Bir adam bir kadin
Bir adam
Bir adam sevgisi hem nefes hem ölüm. Elleriyle sarıp hayat oluyor bazen, güneş bulutların arasından selam çakıyor, maviyle bütünleşiyor sevdaları. Ay ışığı düştüğünde geceye uçurumdan atmak ister gibi bırakıyor elini. Bazen eline alıyor kuklasının iplerini küçük oyunlar sergiliyor-aynaya karşı- Dolunay aynaya vuruyor ve tüm gerçekliği kusuyor. Yüzleşmekten korktulan her sey isik altında. Sahnesine vuran silüetle karşılaştığı zaman kendisi de korkuyor. Perdeyi çekip kendi karanlığına hapsoluyor. Ertesi gün sevdiği(!) kadını kucaklıyor hic birakmayacakmiscasina.

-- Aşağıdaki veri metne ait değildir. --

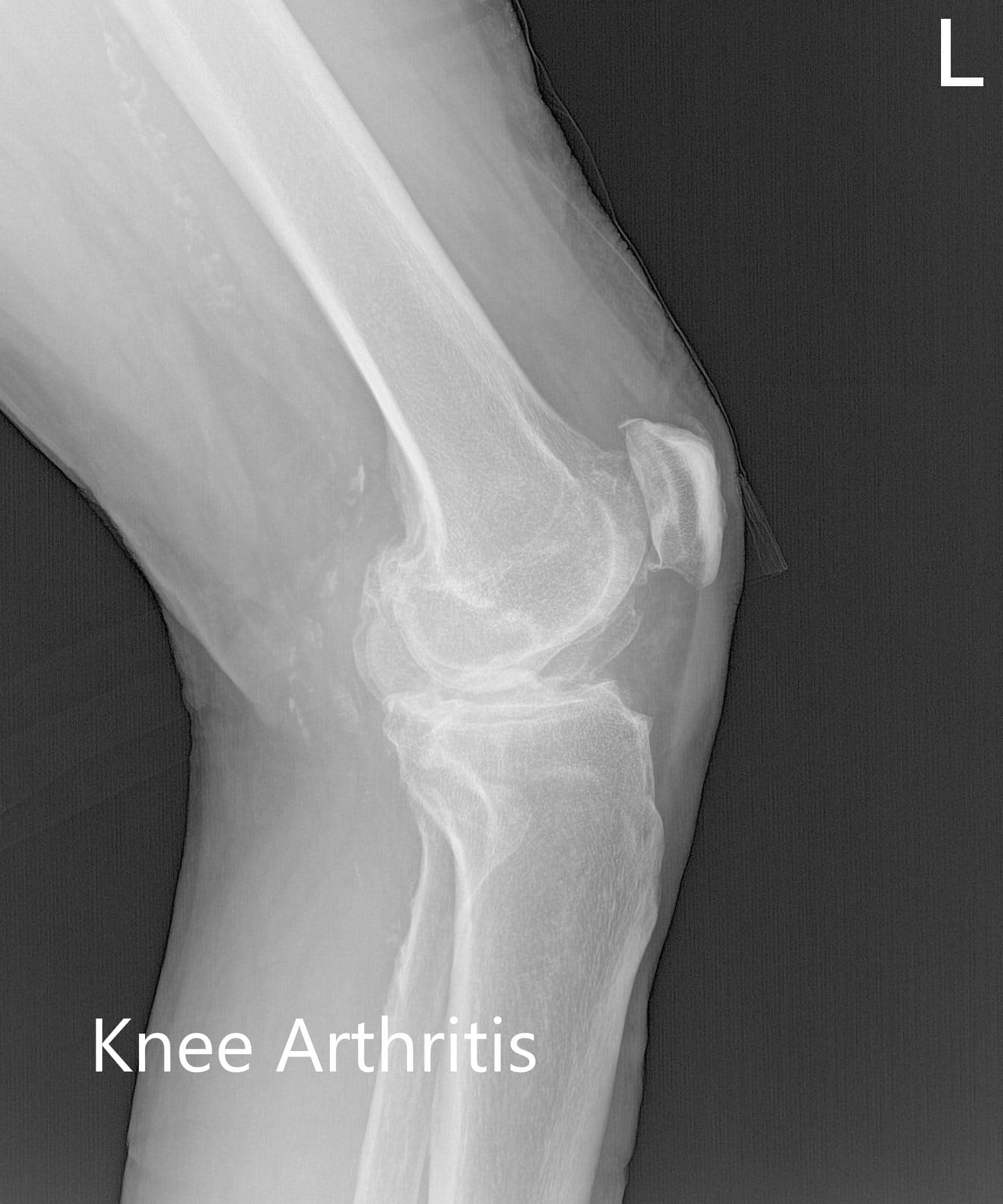 Preoperative X-ray of the left knee showing AP, lateral and merchant views - img 2 Preoperative X-ray of the left knee showing AP, lateral and merchant views - img 2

Gün aydınlanıyor, sevda yeşeriyor, tutkunun kırmızı rengi yeri göğü sarıp sarmalıyor. Kadından pek bahsetmiyor gibiyiz değil mi sanki bu aşk hikayesinde aa pardon aşk demeyelim hüzün dolu bir hikayede figüran olarak kalmış. Oysa AŞK iki kişinin bir olması ne küçük oyunlar ne kaçışlarla sürüp gidecek bir yazı değil. Başrolde bir kadın ve bir adam bir olmayı anlatmalı bu yazıda. Oysa, bir adam var. Ve tüm gezegenler onun yörüngesinde dönüyor. Bir adam var kalbi karanlığa hapsolmuş sevgiden kaçan, bir adam var tüm güzellikleri yüreğinde barındıran gözleriyle ışık saçan etrafına dudaklarıyla hayat veren. Bir adam ikiye bölünmüş, griye bulanmış. Bir kadın var sevdası tüm benliğini hapsetmiş, tüm benliği ile “o”na teslim. Kukla olmaya mahkum kadın uçurum kenarında aydınlık ve karanlık yitmiş. Ya bu sevgi ikisine de nefes olmayı başaracak ya da uçurumun denizle buluştuğu yerde bitecek bu hikaye. Aşk ile nefret, ölümle yaşam, beyaz ile siyah, bütün bu zıtlıklar nasıl son buldu? Şimdilik kimse bilmiyor.